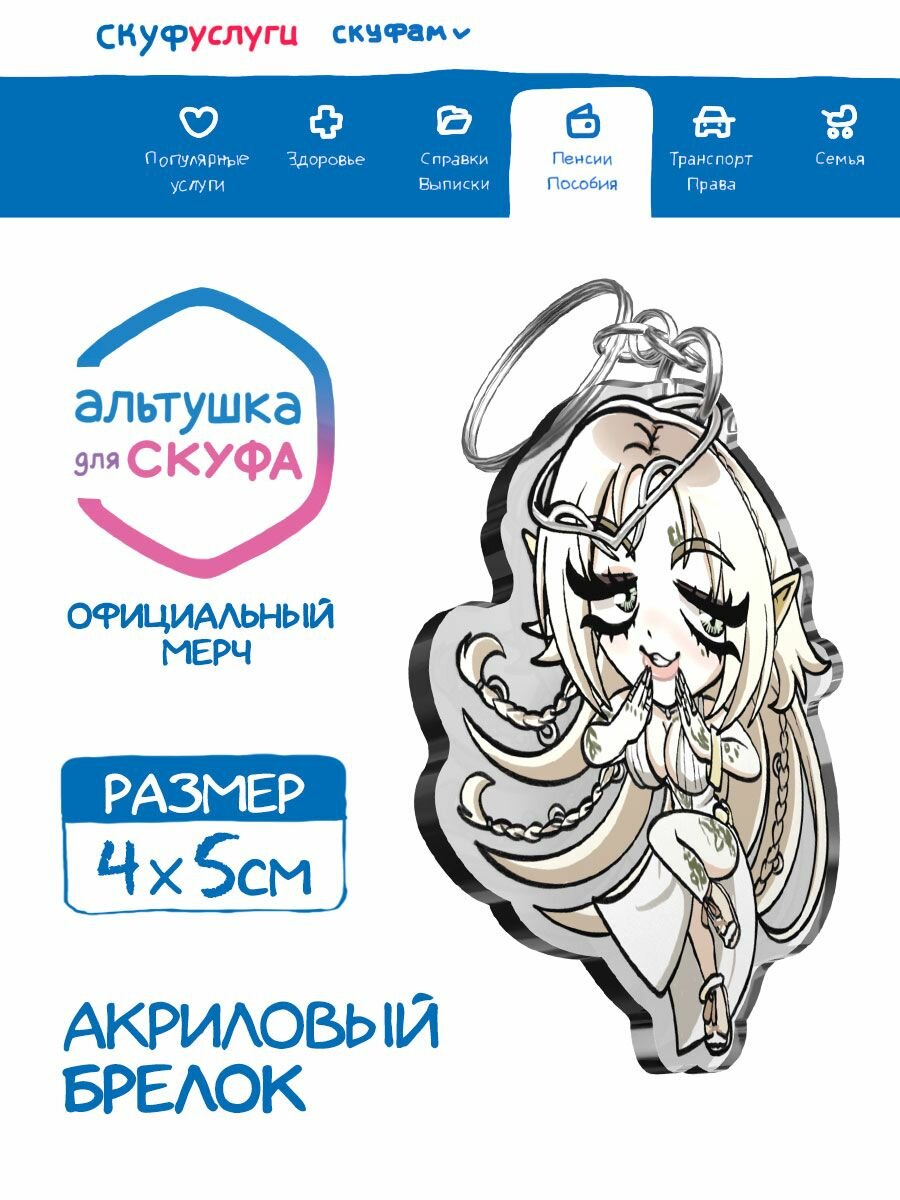 Брелок ЖарМерч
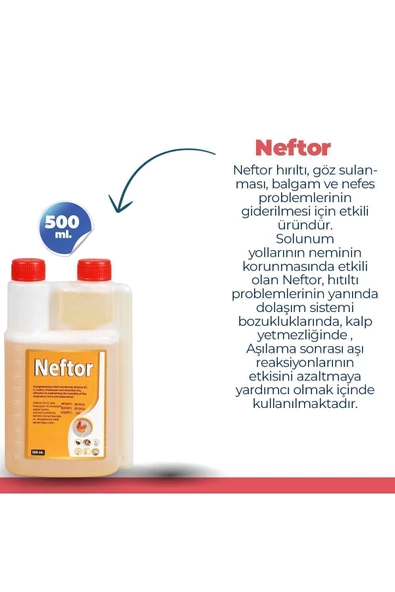 3lü Süper Set Selevit Üreme-Neftor Hırıltı-Alfamin 500ml - 5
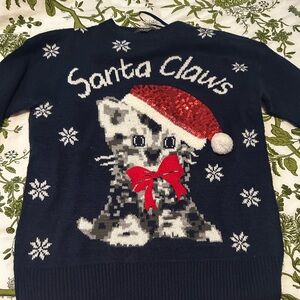 Primark Christmas sweater small EUC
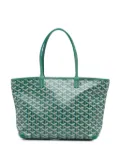 Goyard Pre-Owned 2022 Goyardine Artois PM tote bag - Green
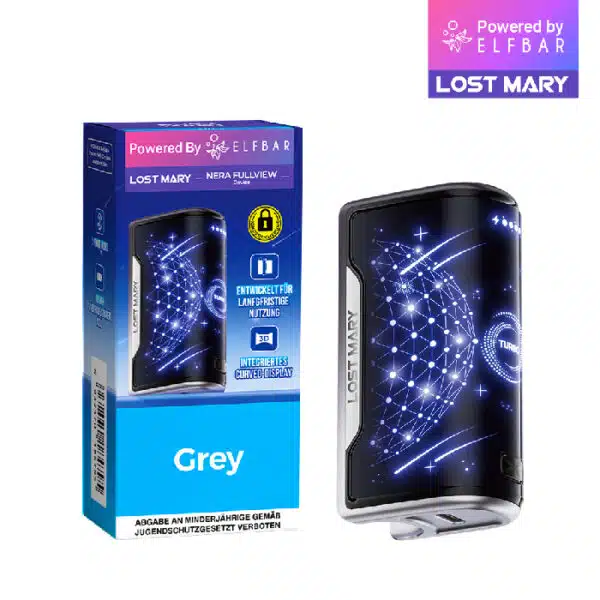Lost Mary NERA 15K - Fullview Device - Grey
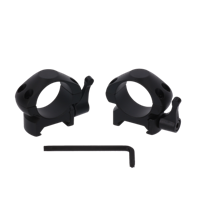 Konus quick release montageringen 25,4 mm laag Konus quick release montageringen 25,4 mm laag
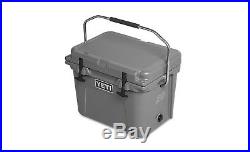 YETI Limited Edition Charcoal Roadie 20 Cooler Ice Chest NEW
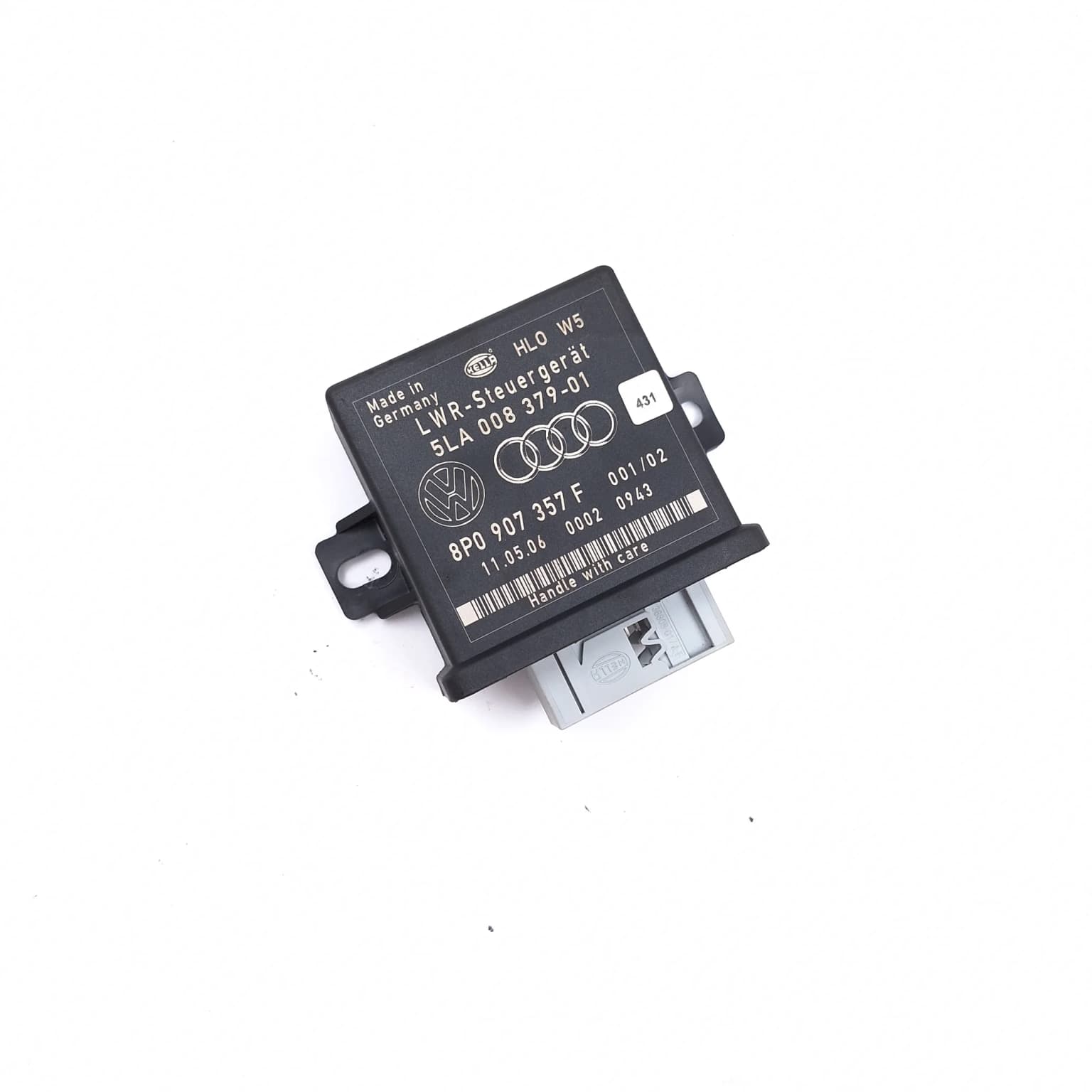 Control unit Audi A4 B7 (8E) 2004–2008 2.0 TDI BPW 8P0907357F – 1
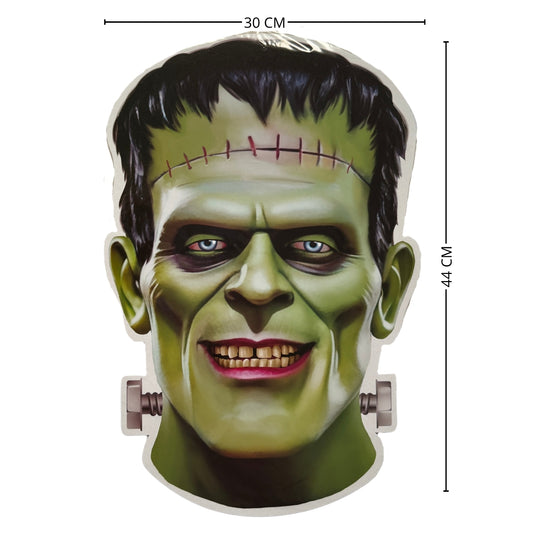 POSTER MIXTO PAREJA FRANKENSTEIN 30 X 44 C/2 PZS 3492-4 HALLOWEEN PADI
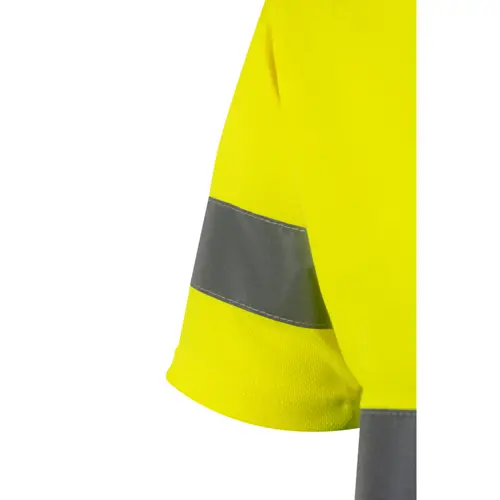 T-shirt da lavoro VELILLA BRAHMA in tessuto tecnico poliestere con strisce catarifrangenti da 140gr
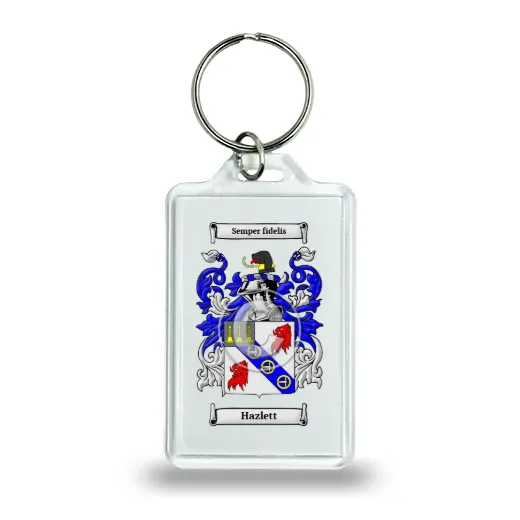 Hazlett Keychain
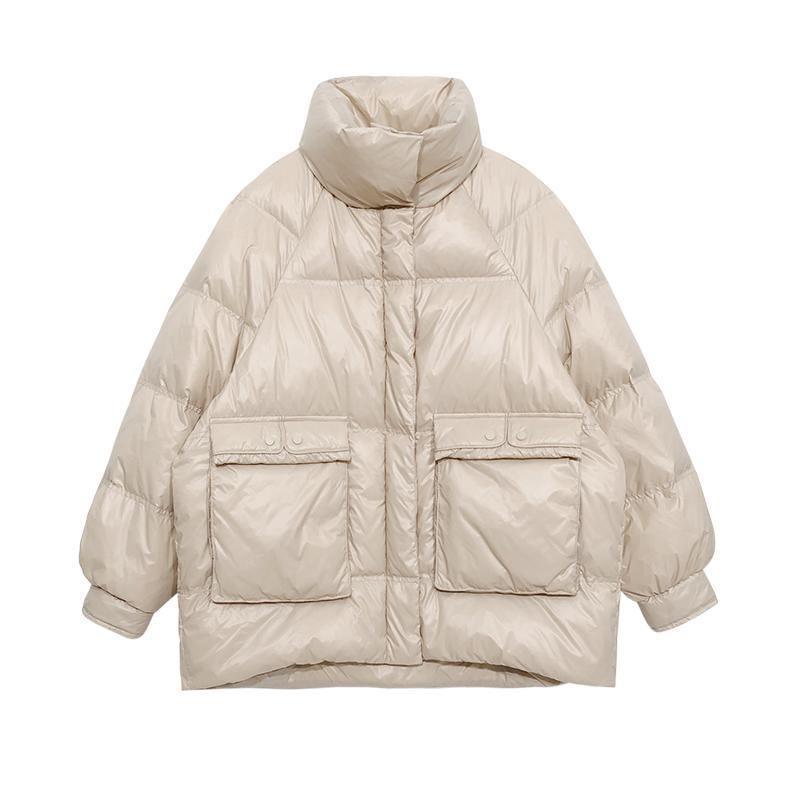 Cheky - Loose and lightweight down jacket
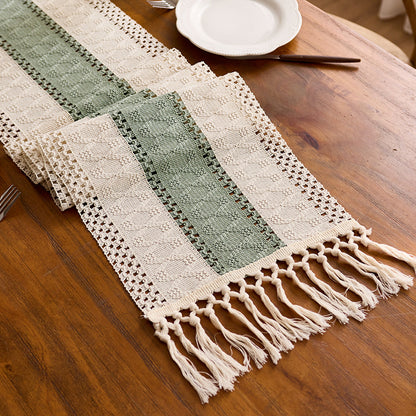 Alva - Rustic Linen Table Runner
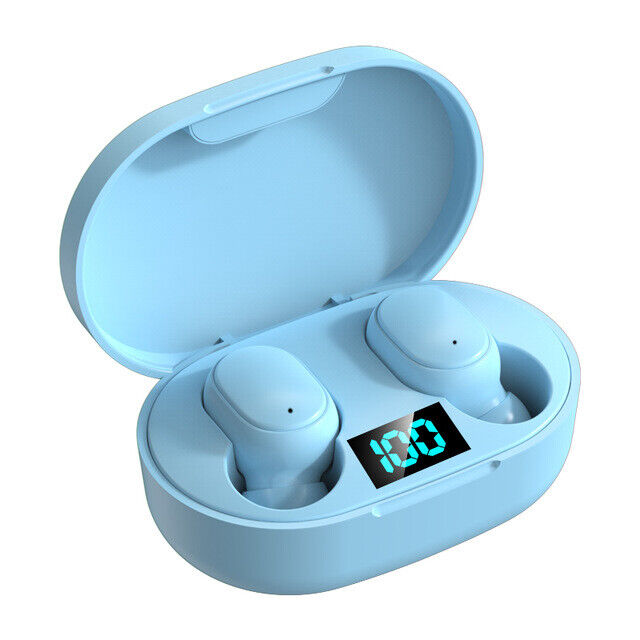 Bluetooth 5.0 Headset TWS Wireless Earphones Mini Earbuds Stereo Dual Headphones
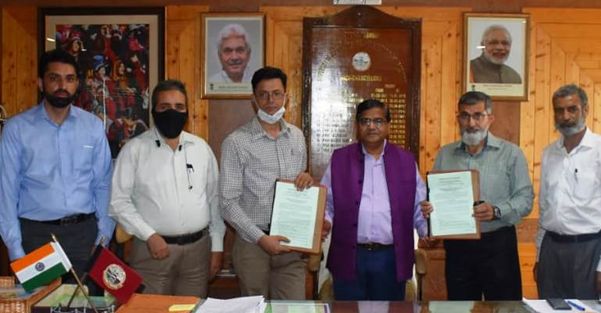 Directorate of H&H signs MOU with SKAUST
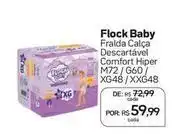 Drogal Baby - fralda calça descartavel comfort hiper oferta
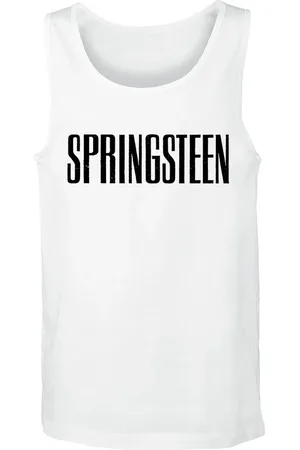 Bruce Springsteen Tanktop - Logo - S till XXL - Herrer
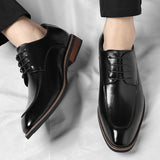 Orien Genuine Leather Shoes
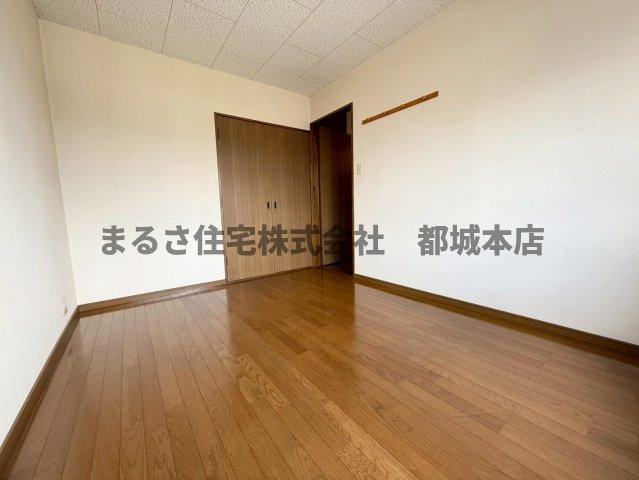 レインボー都北ハイツの寝室|B201の写真です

TASK OBJECTIVE
Go through the listing above and retype each line exactly, apart from the pictures.

RESPONSE
 Брелок ЖарМерч
 3lü Süper Set Selevit Üreme-Neftor Hırıltı-Alfamin 500ml - 5
 Primark Christmas sweater small EUC
 Goyard Pre-Owned 2022 Goyardine Artois PM tote bag - Green
Lost Mary NERA 15K - Fullview Device - Grey
 Konus quick release montageringen 25,4 mm laag Konus quick release montageringen 25,4 mm laag
 YETI Limited Edition Charcoal Roadie 20 Cooler Ice Chest NEW
 Control unit Audi A4 B7 (8E) 2004–2008 2.0 TDI BPW 8P0907357F – 1
 POSTER MIXTO PAREJA FRANKENSTEIN 30 X 44 C/2 PZS 3492-4 HALLOWEEN PADI
 T-shirt da lavoro VELILLA BRAHMA in tessuto tecnico poliestere con strisce catarifrangenti da 140gr
 Hazlett Keychain
 Cheky - Loose and lightweight down jacket
 Alva - Rustic Linen Table Runner
 Bluetooth 5.0 Headset TWS Wireless Earphones Mini Earbuds Stereo Dual Headphones
 Directorate of H&H signs MOU with SKAUST
 Drogal Baby - fralda calça descartavel comfort hiper oferta
 Bruce Springsteen Tanktop - Logo - S till XXL - Herrer
 Orien Genuine Leather Shoes
 レインボー都北ハイツの寝室|B201の写真です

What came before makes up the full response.